On Tuesday, consumption in China was reported as having fallen short of expectations in November, with retail sales rising to 1.3% year-on-year, slowed by an 8.1% drop in auto sales and distortions from the early Singles-Day shopping festival. Despite deflationary pressures and weakening wages, the economy remains on track to meet its 5% growth target, aided by strong exports to non-U.S. markets and a plethora of government stimulus pledged and already in circulation (including plans for ultra-long-term government bonds to boost demand and investment).

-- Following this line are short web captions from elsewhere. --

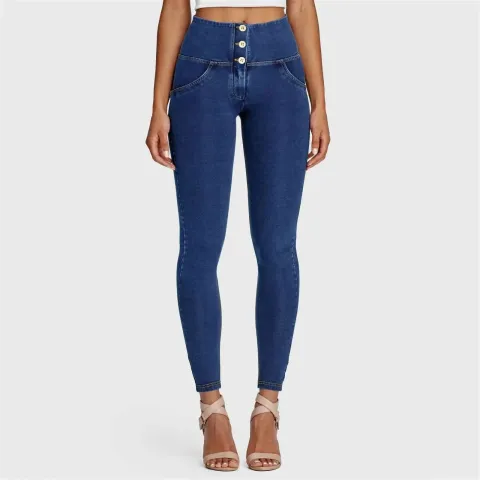 Freddy WRUP Denim - 3 Button High Waisted - Full Length - Dark Blue + Yellow Stitching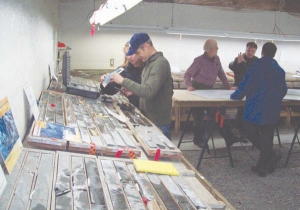 Visitors examine core at Rubicon Minerals' Phoenix gold project, near Red Lake, Ont. The company plans to drill 80,000 metres at Phoenix this year, both underground and from surface.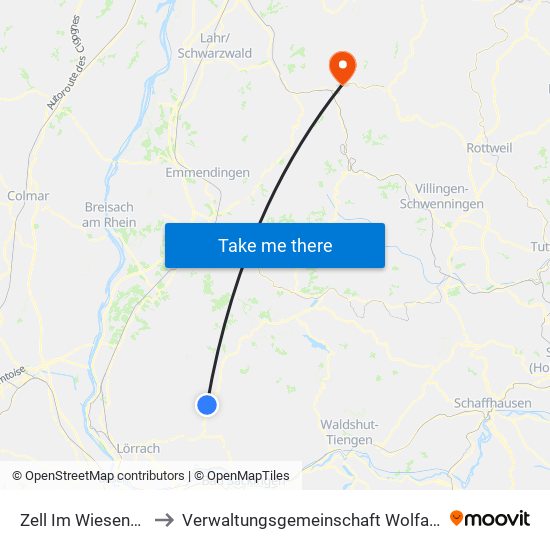 Zell Im Wiesental to Verwaltungsgemeinschaft Wolfach map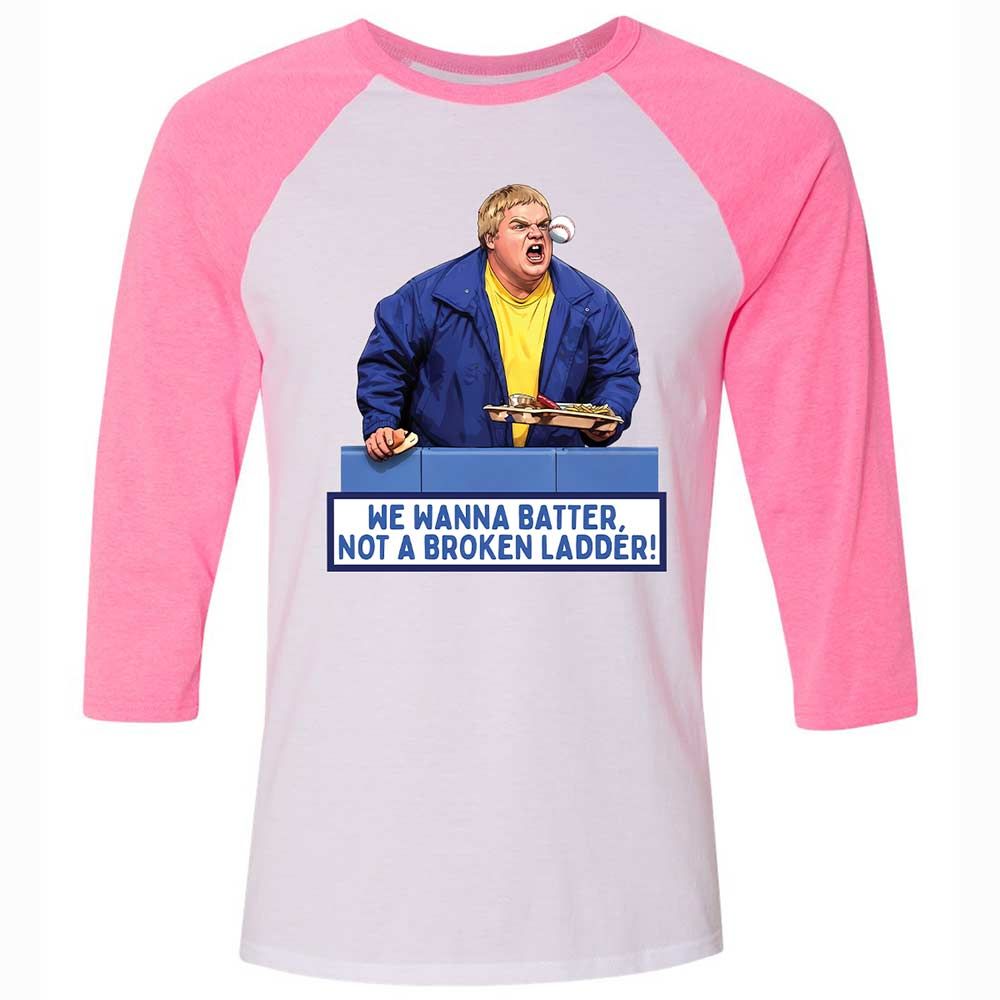 Unisex 3/4 Baseball Tee - P31DRH5V - White/Neon Pink - 12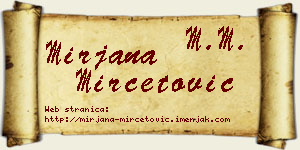 Mirjana Mirčetović vizit kartica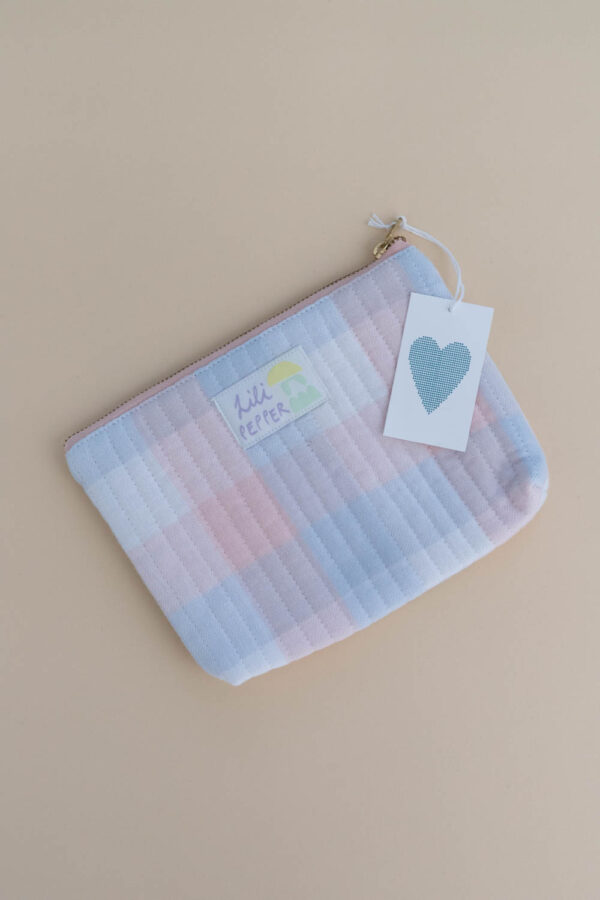 Check Pastel Quilted Pouch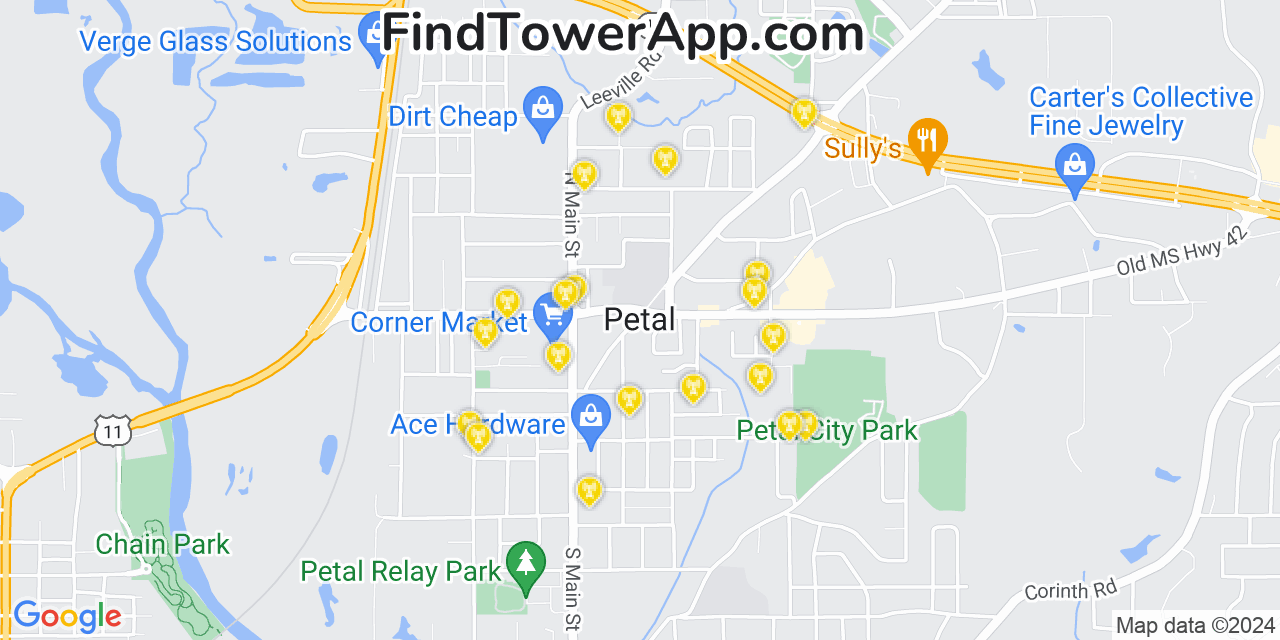 AT&T 4G/5G cell tower coverage map Petal, Mississippi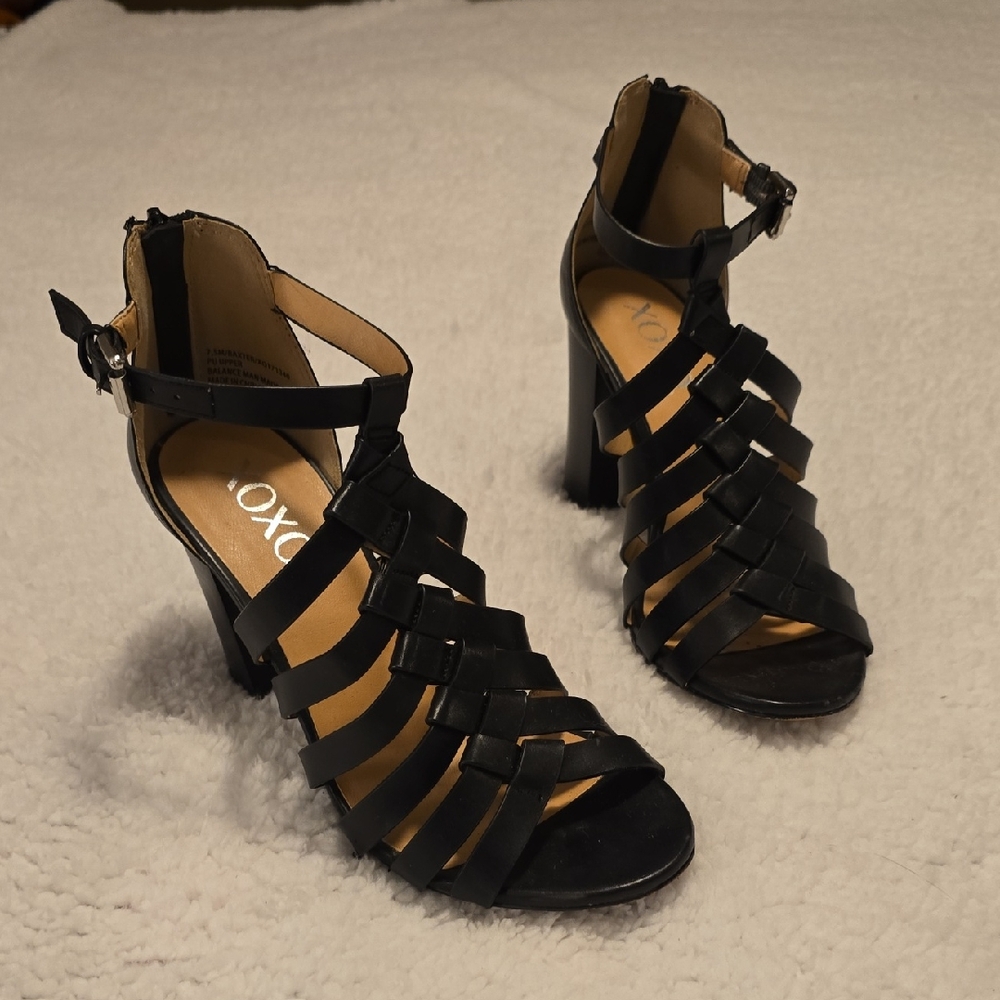 XOXO Black Strappy Heels - Picture 3 of 12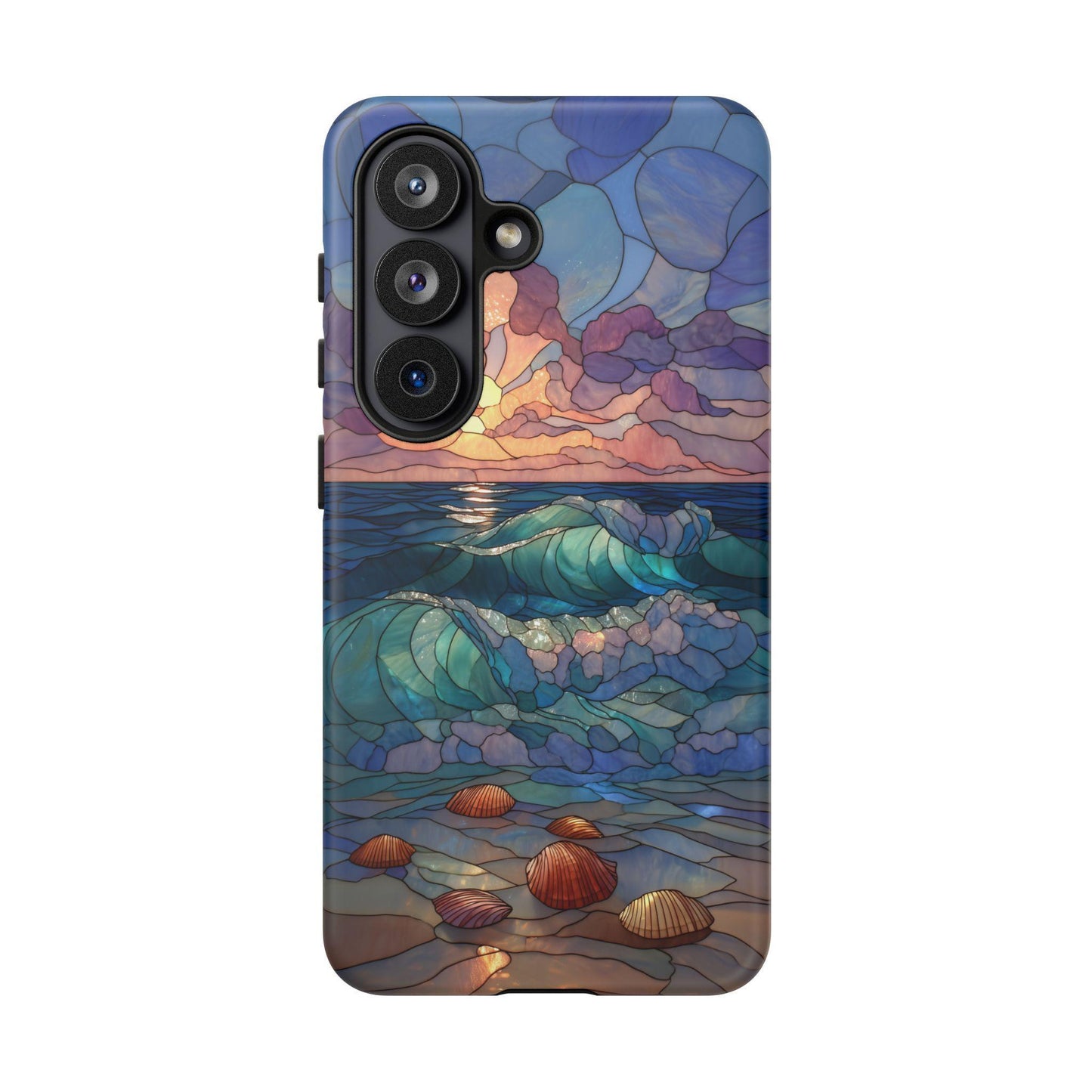 Lavender Beach Stained Glass Waves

In the U.S., nonfarm payrolls rose by 64,000 in November, beating market expectations but offering little in the way of genuine surprise about the condition of the labour market. Over the same period, the unemployment rate increased to 4.6%, while labour force participation edged higher to 62.5% from 62.4%. Taken together, the data reinforce the view that the labour market is continuing to cool at a measured pace – an environment increasingly characterised as “low hiring, low firing”. This backdrop leaves the Federal Reserve with important considerations as it assesses the scope for further interest rate cuts in 2026. That said, Fed Chair Jerome Powell has cautioned against over-interpreting the latest release, noting the likelihood of data revisions due to the government shutdown and downplaying its immediate policy significance.

Over the weekend, President Zelenskyy indicated that Kyiv would be willing to forgo NATO membership in an effort to move closer to ending the war with Russia. This was followed on Tuesday by comments from President Trump suggesting that a peace deal between Russia and Ukraine could be imminent. The developments weighed heavily on defence stocks, which fell sharply on the news.

Still to come this week we have the ECB’s interest rate decision, U.S. inflation, Japan’s inflation rate and UK retail sales.